> _What to produce_:
Each record here should be printed again exactly; please leave its pictures out.

> _Image-caption web data_:
******************************
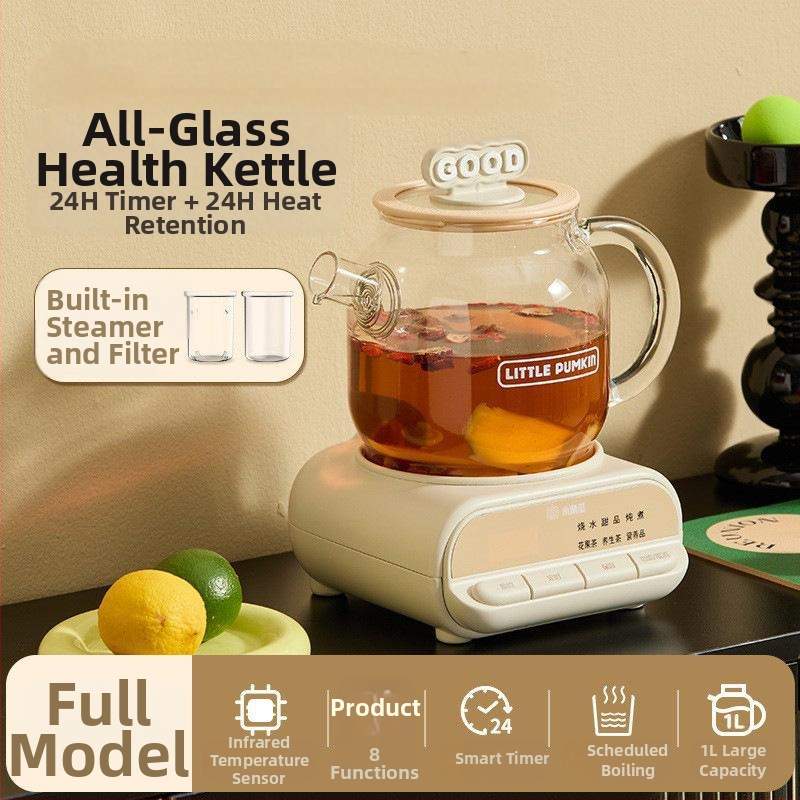 Zdravotný hrniec so skleneným telom z borosilikátového skla, objem 1 L, 220V 500W, digitálny termostat, ovládanie tlačidlom, model F1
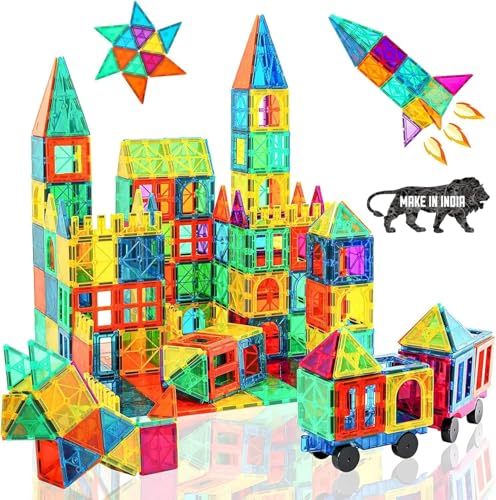 Image of ANVIE & ABEER Set of 40 Pcs Big (75mm) Magnetic Tiles with 2 Car Chassis of Random Colour | Magnetic Building Blocks | STEM Educational Construction Toy for Kids Boys & Girls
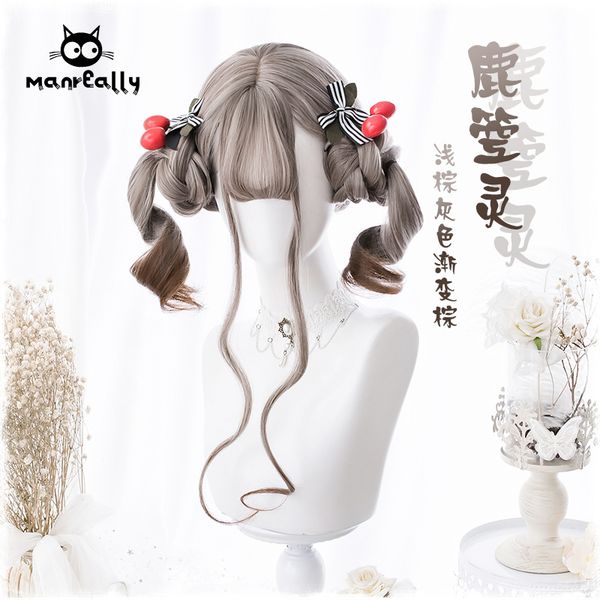 

65cm female curly hair long wig lolita retouching face shape, Black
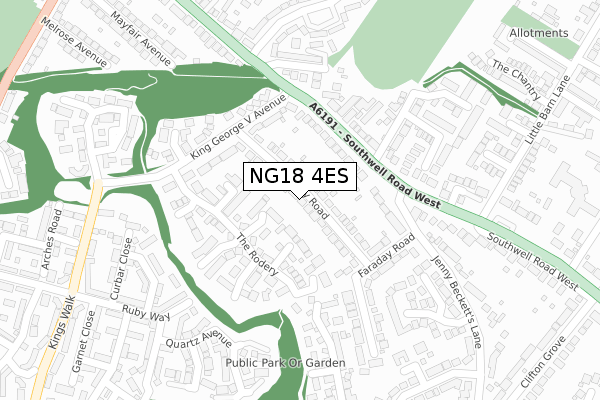 NG18 4ES map - large scale - OS Open Zoomstack (Ordnance Survey)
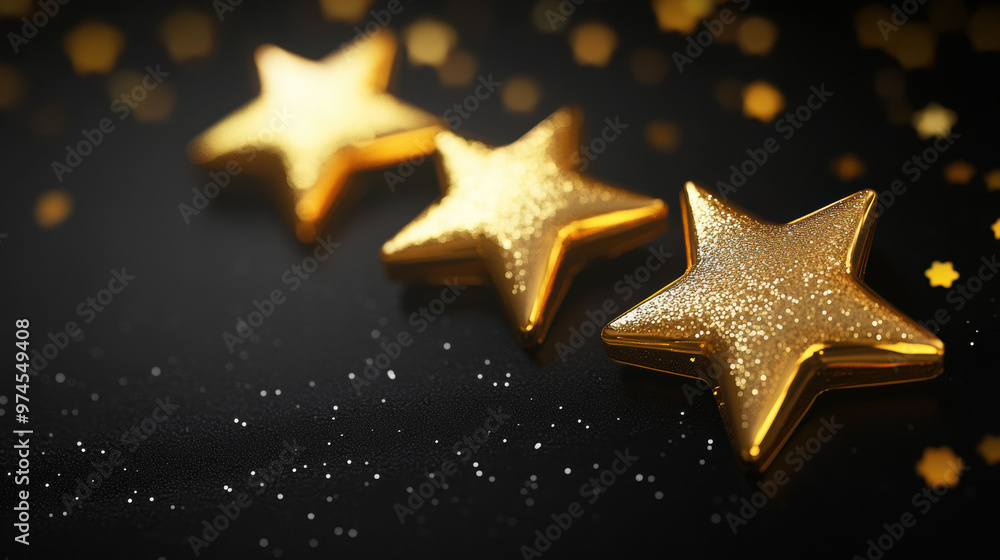 Golden Stars on Black. Golden Stars on Black.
******************************
> _Task answer_:
 Zdravotný hrniec so skleneným telom z borosilikátového skla, objem 1 L, 220V 500W, digitálny termostat, ovládanie tlačidlom, model F1
 Image of ANVIE & ABEER Set of 40 Pcs Big (75mm) Magnetic Tiles with 2 Car Chassis of Random Colour | Magnetic Building Blocks | STEM Educational Construction Toy for Kids Boys & Girls

65cm female curly hair long wig lolita retouching face shape, Black
 NG18 4ES map - large scale - OS Open Zoomstack (Ordnance Survey)
 Golden Stars on Black. Golden Stars on Black.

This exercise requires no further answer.